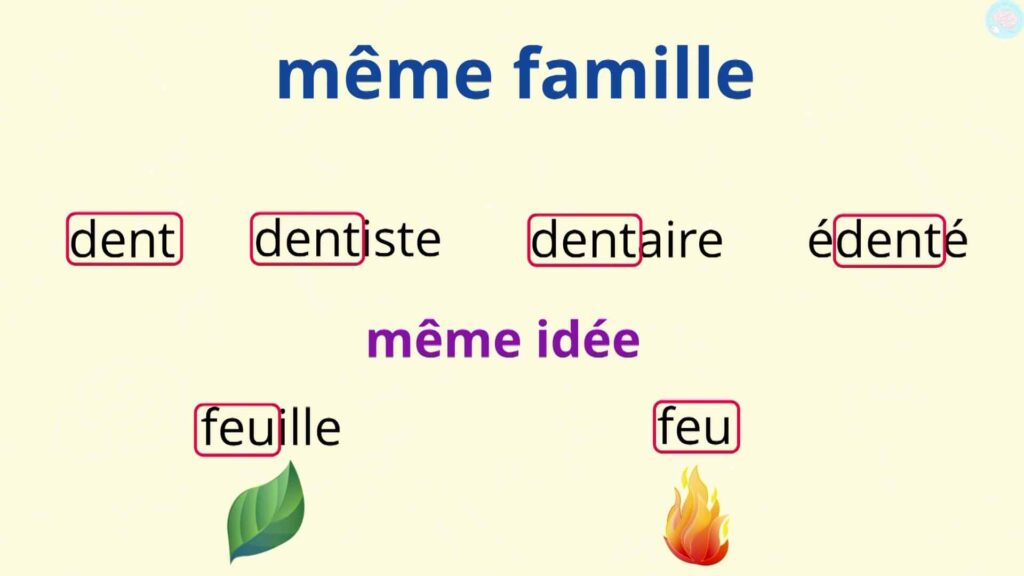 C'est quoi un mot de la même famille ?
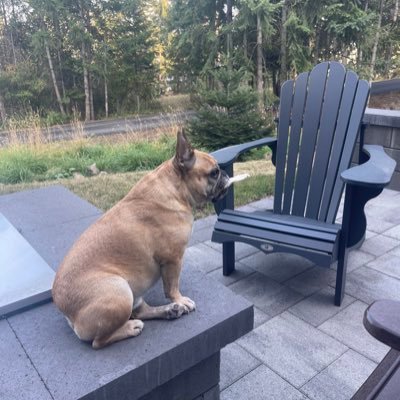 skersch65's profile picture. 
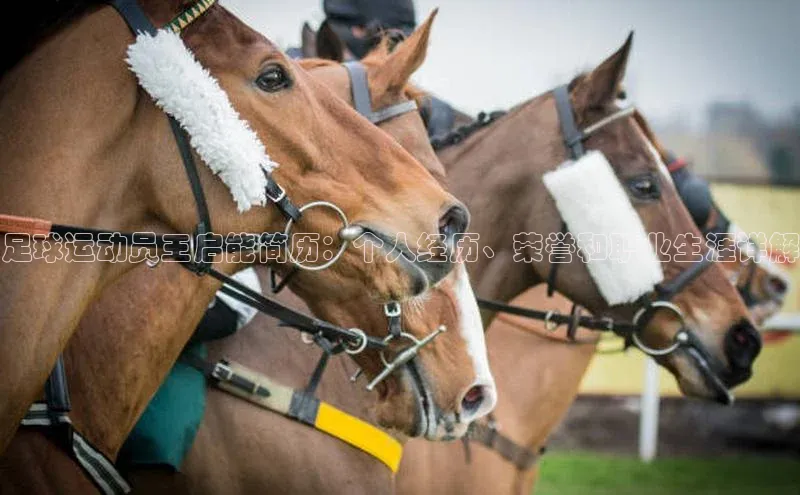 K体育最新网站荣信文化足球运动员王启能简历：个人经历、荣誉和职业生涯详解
- - - -
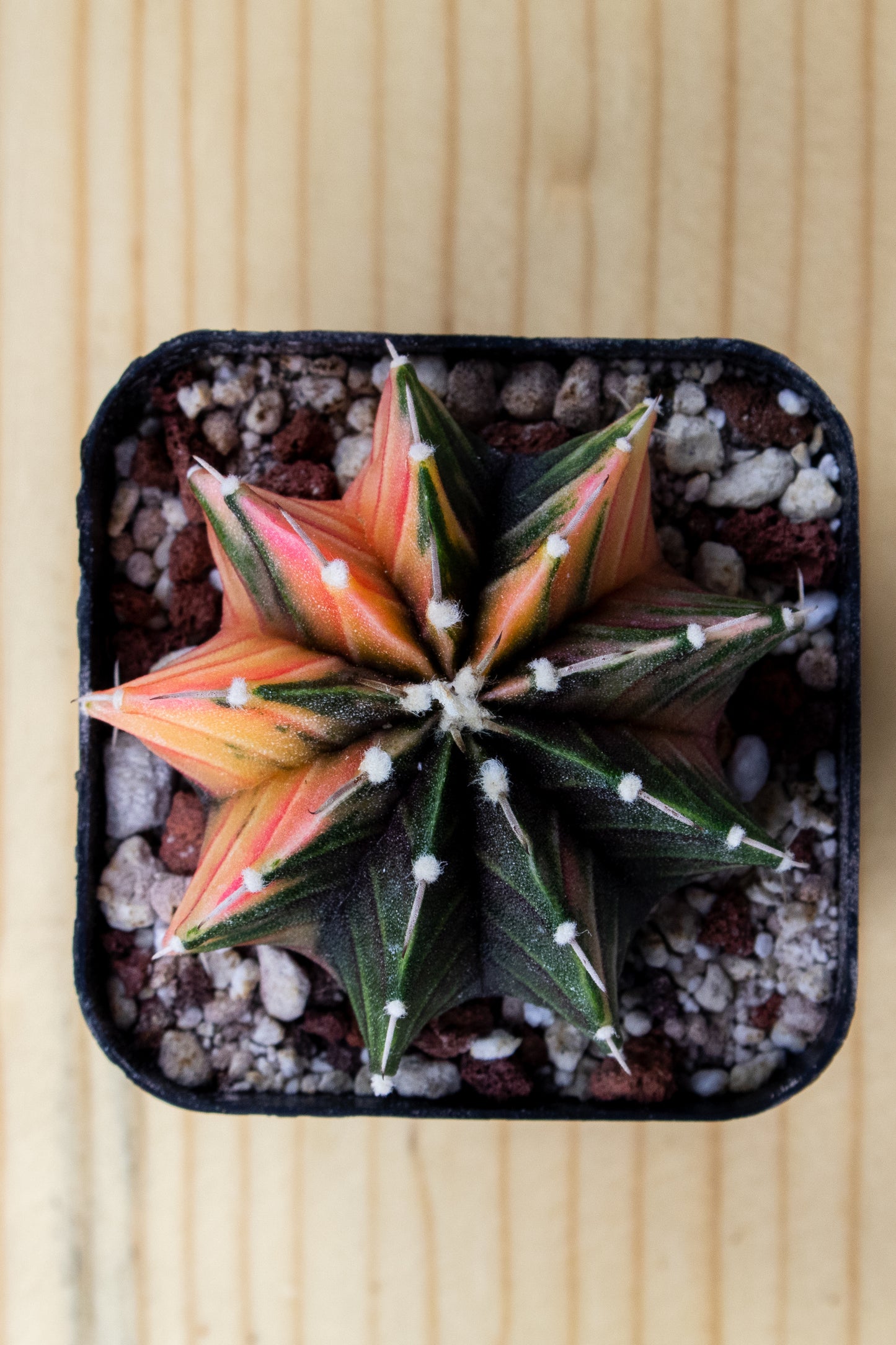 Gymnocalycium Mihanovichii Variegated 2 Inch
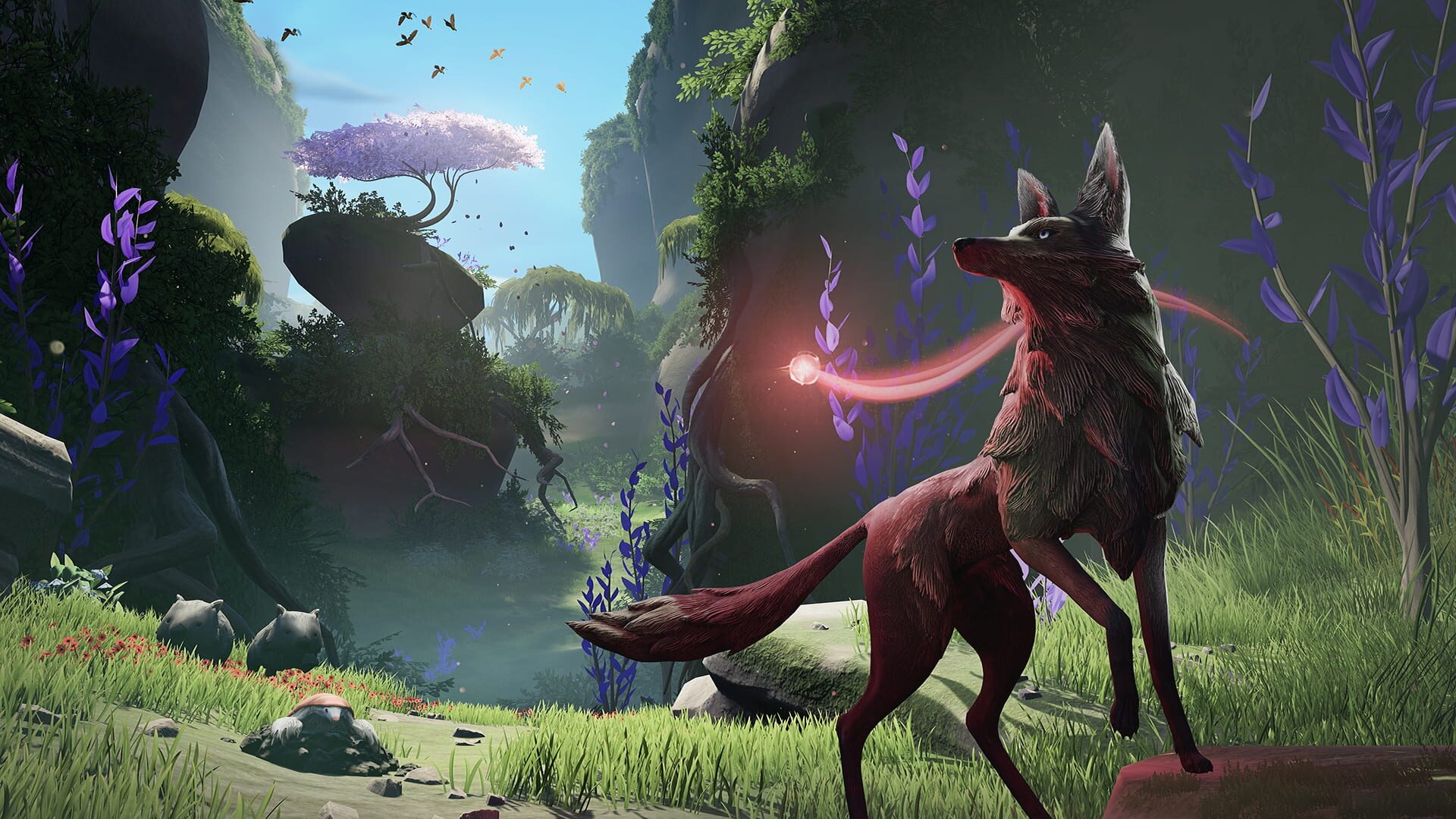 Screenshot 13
- - - -
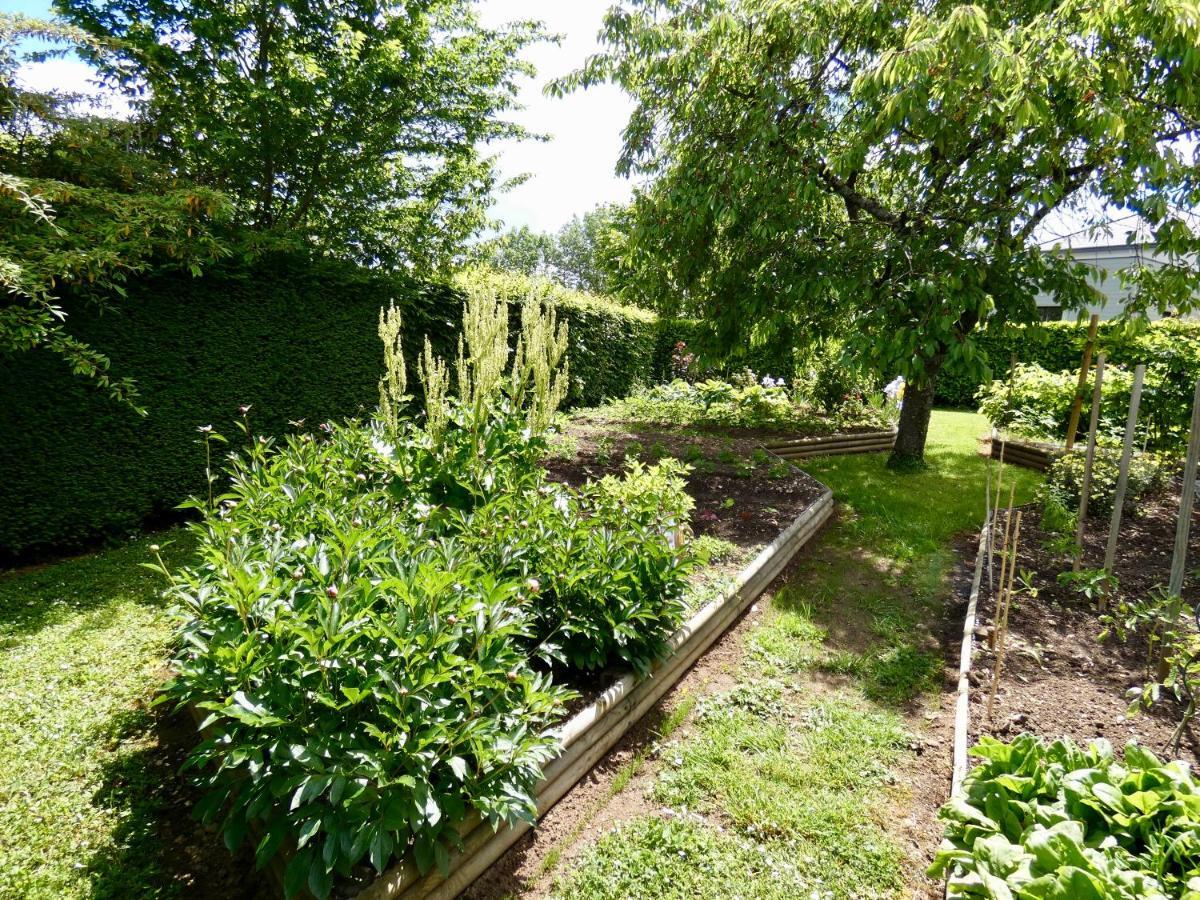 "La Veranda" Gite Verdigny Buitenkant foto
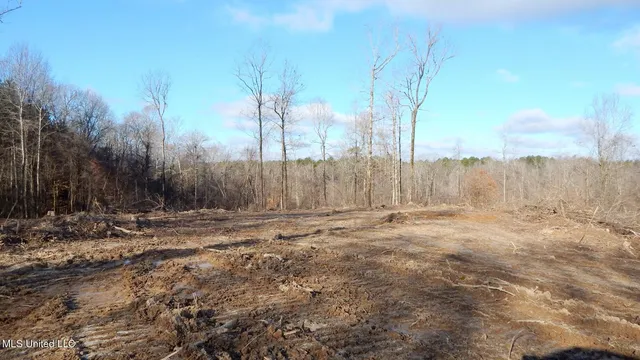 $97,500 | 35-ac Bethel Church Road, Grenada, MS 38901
- - - -
*REQUIRED WORK*:
Find where the line with "C'est quoi un mot de la même famille ?" sits in the material above and where the line with "K体育最新网站荣信文化足球运动员王启能简历：个人经历、荣誉和职业生涯详解" sits. Set down exactly the lines from the first to the second, both included and nothing else, without pictures.

*RESULT OF THIS TASK*:
 C'est quoi un mot de la même famille ?
 skersch65's profile picture. 
 K体育最新网站荣信文化足球运动员王启能简历：个人经历、荣誉和职业生涯详解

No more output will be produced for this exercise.